When solving for the concentration of hydrogen ions in a solution, understanding how it relates to pH is essential. The pH of a solution is a measure of its acidity, and it is based on the concentration of hydrogen ions (\([H^+]\)). A lower pH indicates a higher concentration of hydrogen ions, meaning the solution is more acidic. Conversely, a higher pH means the solution is more basic, possessing fewer hydrogen ions.

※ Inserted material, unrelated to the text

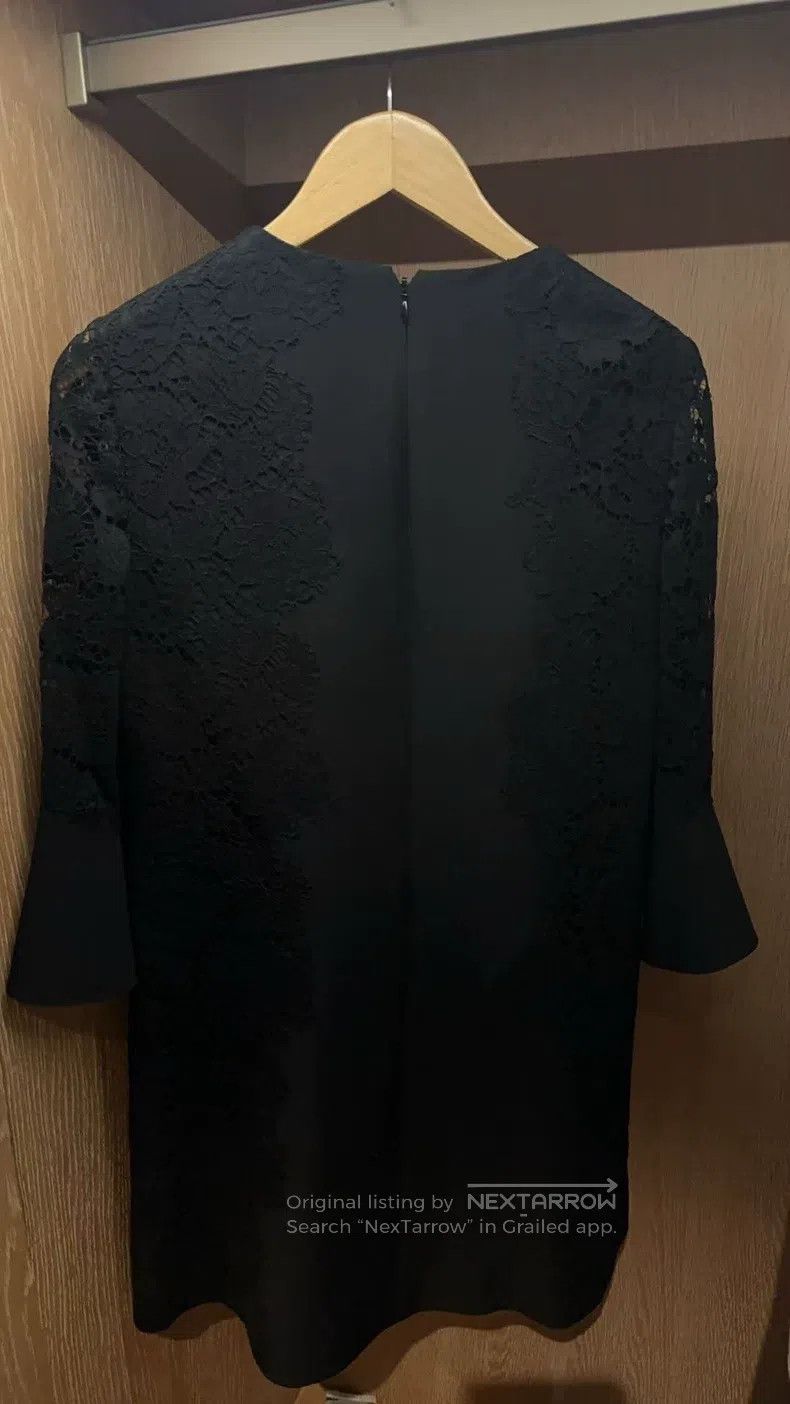 Valentino Valentino Black lace dress Size M / US 6-8 / IT 42-44 - 2 Thumbnail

To find the \([H^+]\) concentration from a given pH, we use the formula:

• \([H^+] = 10^{-pH}\)

This formula comes from the definition of pH: \( \text{pH} = -\log([H^+]) \) . The use of powers of 10 in the formula makes it easy to compute the \([H^+]\) concentration directly from the pH value. In our exercise, with a pH of 10.50, the \([H^+]\) is approximately \( 3.16 \times 10^{-11} \text{ mol/L} \). Calculating \([H^+]\) is a step towards determining other ion concentrations in the solution.

Understanding the concentration of hydroxide ions (\([OH^-]\)) is crucial in determining the basic nature of a solution. The relationship between hydrogen ions and hydroxide ions comes from the ion product constant of water (\(K_w\)), which at 25°C is \(1 \times 10^{-14} \text{ mol}^2/\text{L}^2\). This implies that the multiplication of \([H^+]\)and \([OH^-]\) in any aqueous solution at this temperature equals this constant. Thus, if one ion concentration is known, the other can be easily calculated.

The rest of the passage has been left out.